Symptoms of rhino-orbito-cerebral mucormycosis include acute sinusitis, fever, eye swelling and protrusion, dark nasal scabbing, cellulitis, facial pain, retinal artery thrombosis, redness of skin around sinuses and nasal congestion with black discharge. Diplopia and blindness may be observed in later stages of the disease, which indicates the infection has spread to the orbital nerves and vessels, and prognosis for these patients is poor.

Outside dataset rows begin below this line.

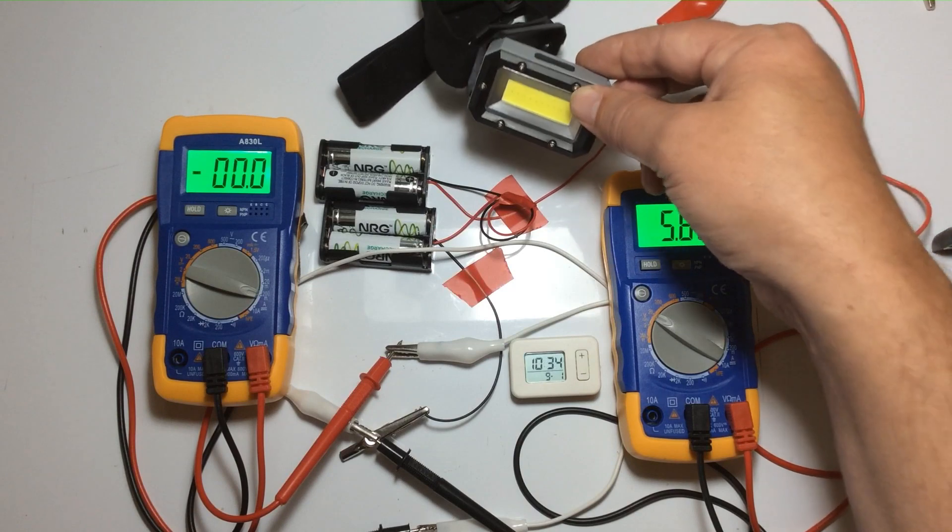So we're going to use the rechargeable batteries because we need a fair comparison — these are the batteries used in the other power transfer test, so we need to use the same batteries and the same load, the same light. I've got this little clock here which has the date; it's the 1st of the 9th. I'm going to start this now. I estimate this will run for approximately 12 hours with fully charged batteries.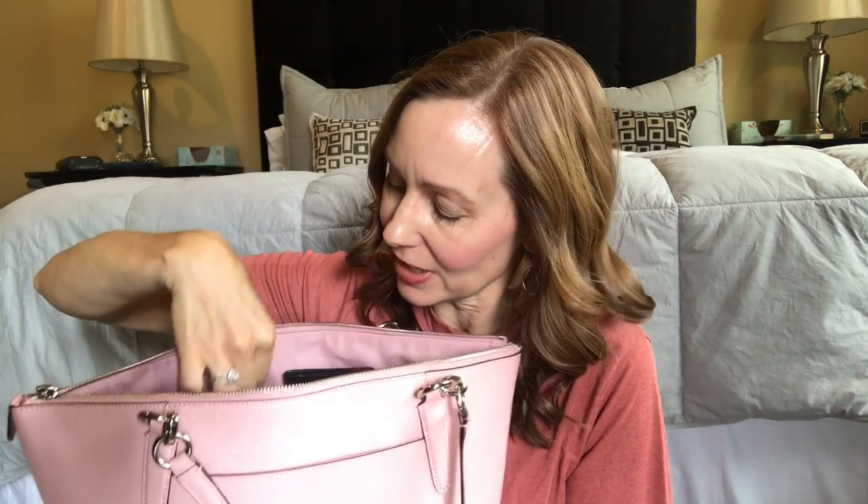There are a couple of pockets right here — I have my checkbook in one, and in the other I have some breath mints and some gum that my son likes. There's also a zip pocket inside, and right now I just have a couple of receipts in there, which I'll take out.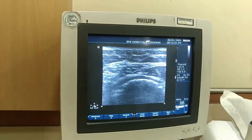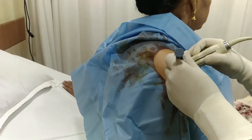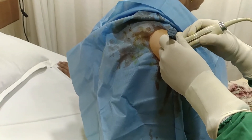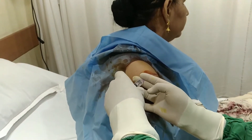So how we'll go about it is, now on the skin, we'll put in a little bit of local anesthesia. Check this — like a key. So, let's give some local anesthesia.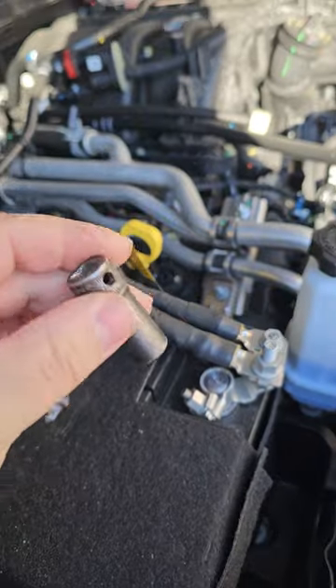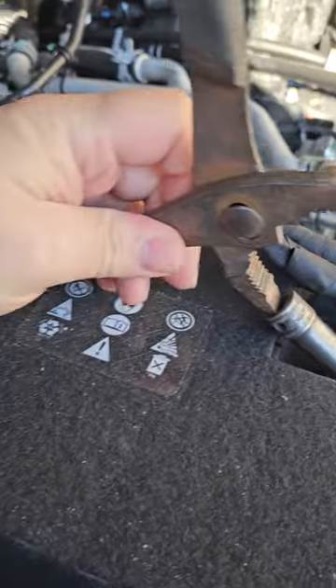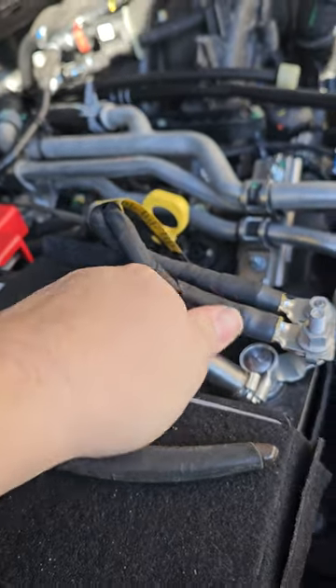What I'm going to do is unscrew the nut. I don't have exactly a 10mm but this will do. I'll just get this like this. That's kind of tight.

Symptoms of pulmonary mucormycosis are nonspecific and may include fever, cough, rales, shortness of breath and possibly hemoptysis if tissue necrosis is present. Symptoms of GI mucormycosis include abdominal pain and distension, nausea, vomiting blood, tenderness upon palpation and hematochezia [5]. Presentation of cutaneous mucormycosis is marked by a single area of skin that is painful, hardened and may have a necrotic (blackened) central area [11]. If the mucormycosis infection has disseminated to the central nervous system patients will present with decreased consciousness and focal neurological symptoms, such as cranial nerve deficits.
Workup
Diagnosis is achieved through a variety of factors including patient’s history, risk factors and physical exam, however, a definitive diagnosis is hard to reach. The extent of infection or necrosis may be assessed through magnetic resonance imaging (MRI) or computerized tomography (CT) scan but these findings are nonspecific [12]. Biopsies can be stained with Grocott methenamine-silver stain or periodic acid-Schiff (PAS) stain and others to identify the fungus, but the specific fungal species is hard to determine [13]. More complicated cultivation and imaging techniques must be performed to identify structures unique to mucormycosis and distinguish this from other fungal infections like candidiasis and histoplasmosis. Therefore, the diagnosis of mucormycosis may be used without definitive evidence since the supportive care and treatment for many fungal infections are similar.
Treatment
Mucormycosis is treated with antifungal medications (conventional or lipid formulations of amphotericin B) administered orally or IV [14] [15]. Infected areas of skin may require surgical resection to remove infected and dead tissues [15]. Patient survival relies on proper debridement of necrotic tissue when applicable. Surgical care of rhino-orbito-cerebral infection may include repeated surgeries to excise orbital contents and infected brain tissue along with drainage of sinuses.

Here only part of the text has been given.